Work to be completed: A complete and exact copy of the data below is the task.

Supplied information:
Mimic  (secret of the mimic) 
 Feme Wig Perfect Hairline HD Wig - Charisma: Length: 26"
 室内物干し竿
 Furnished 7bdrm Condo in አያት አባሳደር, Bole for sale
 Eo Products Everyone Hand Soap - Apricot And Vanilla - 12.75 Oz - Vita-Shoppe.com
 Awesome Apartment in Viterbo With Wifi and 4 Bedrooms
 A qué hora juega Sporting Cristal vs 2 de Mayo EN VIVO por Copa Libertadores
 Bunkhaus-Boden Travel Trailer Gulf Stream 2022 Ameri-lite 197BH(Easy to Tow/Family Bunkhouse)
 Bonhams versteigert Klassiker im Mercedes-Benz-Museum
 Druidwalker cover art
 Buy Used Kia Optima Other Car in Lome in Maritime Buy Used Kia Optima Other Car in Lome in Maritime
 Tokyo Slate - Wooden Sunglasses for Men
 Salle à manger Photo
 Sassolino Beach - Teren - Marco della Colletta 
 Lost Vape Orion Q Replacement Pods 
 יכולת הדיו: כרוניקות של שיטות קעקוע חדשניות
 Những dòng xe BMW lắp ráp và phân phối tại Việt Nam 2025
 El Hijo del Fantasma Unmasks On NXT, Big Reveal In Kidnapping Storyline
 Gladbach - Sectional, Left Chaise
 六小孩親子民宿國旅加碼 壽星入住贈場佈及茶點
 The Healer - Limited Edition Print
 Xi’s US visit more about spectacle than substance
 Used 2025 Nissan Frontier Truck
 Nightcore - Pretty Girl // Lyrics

Response:
Mimic  (secret of the mimic) 
 Feme Wig Perfect Hairline HD Wig - Charisma: Length: 26"
 室内物干し竿
 Furnished 7bdrm Condo in አያት አባሳደር, Bole for sale
 Eo Products Everyone Hand Soap - Apricot And Vanilla - 12.75 Oz - Vita-Shoppe.com
 Awesome Apartment in Viterbo With Wifi and 4 Bedrooms
 A qué hora juega Sporting Cristal vs 2 de Mayo EN VIVO por Copa Libertadores
 Bunkhaus-Boden Travel Trailer Gulf Stream 2022 Ameri-lite 197BH(Easy to Tow/Family Bunkhouse)
 Bonhams versteigert Klassiker im Mercedes-Benz-Museum
 Druidwalker cover art
 Buy Used Kia Optima Other Car in Lome in Maritime Buy Used Kia Optima Other Car in Lome in Maritime
 Tokyo Slate - Wooden Sunglasses for Men
 Salle à manger Photo
 Sassolino Beach - Teren - Marco della Colletta 
 Lost Vape Orion Q Replacement Pods 
 יכולת הדיו: כרוניקות של שיטות קעקוע חדשניות
 Những dòng xe BMW lắp ráp và phân phối tại Việt Nam 2025
 El Hijo del Fantasma Unmasks On NXT, Big Reveal In Kidnapping Storyline
 Gladbach - Sectional, Left Chaise
 六小孩親子民宿國旅加碼 壽星入住贈場佈及茶點
 The Healer - Limited Edition Print
 Xi’s US visit more about spectacle than substance
 Used 2025 Nissan Frontier Truck
 Nightcore - Pretty Girl // Lyrics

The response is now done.